Schedules of Successful Writers: How Does Yours Compare? - Share This Story!
It’s no surprise that writing is a notoriously solitary and time-consuming endeavor. Whether it’s a blog post, a magazine article or your work-in-progress high fantasy manuscript, there are many different ways to get the words on the page. This requires several habitual behaviors and a level of long-term diligence that is unheard of for almost any other creative endeavor.

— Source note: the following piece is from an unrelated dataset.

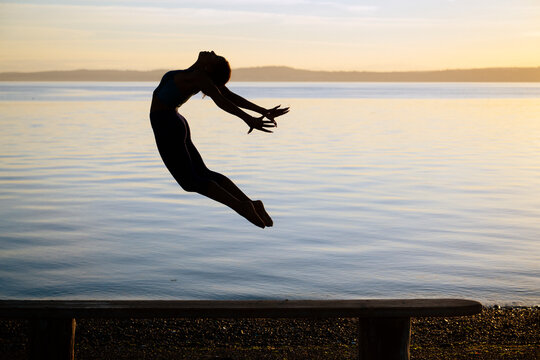 Hispanic woman jumping acrobatically over bench by lake at sunset USA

The daily schedules and word count outputs of successful authors also vary wildly. Stephen King stated in On Writing that his daily goal was 2,000 words before he was allowed to step away from the computer. Meanwhile, bestselling fantasy author Sarah J. Maas recently described at a book signing that at one point she’d written upwards of 20,000 words of a new novella in one day. That’s 1,000 words an hour for 20 hours straight! You can imagine my shock and self-doubt at my own numbers in comparison to Maas’s. I had to take a step back and remind myself that every single writer is different, and our brains made to create at different speeds.

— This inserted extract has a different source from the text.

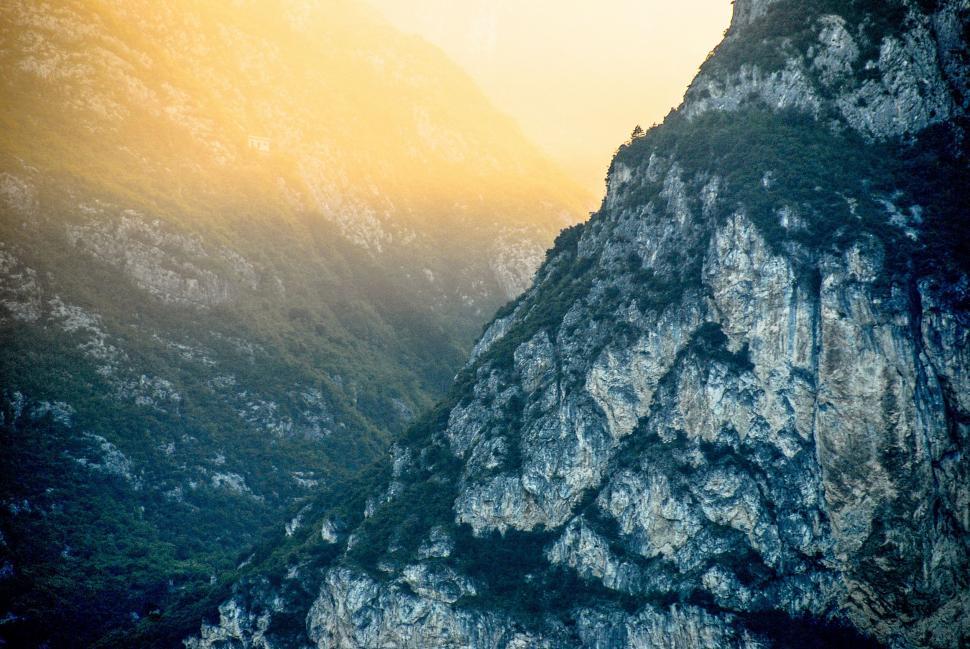 Free Image of A Bird Perched on Top of a Mountain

Comparing Your Writing Schedule to Successful Writers
Attempting to emulate someone else’s output and schedule might only result in you wasting many hours on words that will never be kept. This is not effective for revising a manuscript to completion. This doesn’t mean that learning about other authors’ schedules and daily word count goals can’t provide a framework to reference for our own work. It’s important in every task to push ourselves, to improve and to strengthen our abilities as we become more capable of completing them over time.
For me personally, I’ve found it helpful to learn about other successful writers’ schedules and deviate from there based on my own abilities. Writing is so personal and solitary that it can be hard to know whether you’re “doing the right thing.” Sometimes having an idea of what has worked for others can make a huge difference in our own writing careers. The below figures are based on self-reported statistics as well as online sources:
Stephen King
Stephen King said that his daily goal is six pages a day, which he estimated takes around three to four hours. He begins writing between 8 and 8:30 every morning. He does it in the same place (at his desk) with everything “arranged” in their routine places until he reaches those six pages at least.

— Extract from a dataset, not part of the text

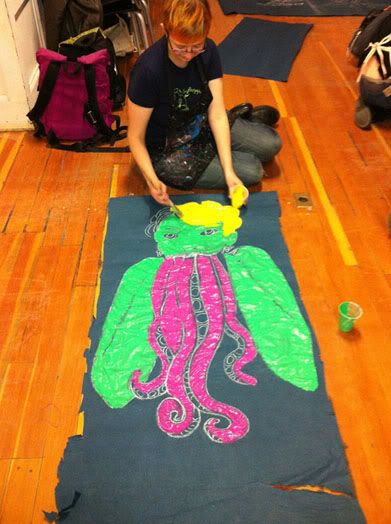 photo of me painting a woman with tentacles dangling from her grinning mouth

It’s been found that spaced repetition increases our brain’s neuropathways for learning, comprehension, and memory.
Haruki Murakami
This bestselling author stated that while he was writing a novel he’d wake up at 4 a.m. and spend between five and six hours writing. He’d then devote several more to exercise before a strict 9 p.m. bedtime every night.
Maya Angelou
Bestselling author and activist Maya Angelou described her daily routine as such: waking up around 5:30 a.m. with the intention of sitting down to write by 7 a.m. Angelou called her workspace a “mean” hotel room, with very limited items inside (a bed, Bible, deck of cards, dictionary and a bottle of sherry). She said that she tried to write until 2 p.m. unless things weren’t going well, at which point she’d conclude by 12:30 p.m.
Simone de Bouvier
This French writer said in a 1965 interview that her writing schedule consisted of morning tea followed by work from 10 a.m. to around 1 p.m. After work, de Bouvier would devote the afternoons to social engagements. When she would return home, she would then continue writing from 5 p.m. until 9 p.m. in the evening.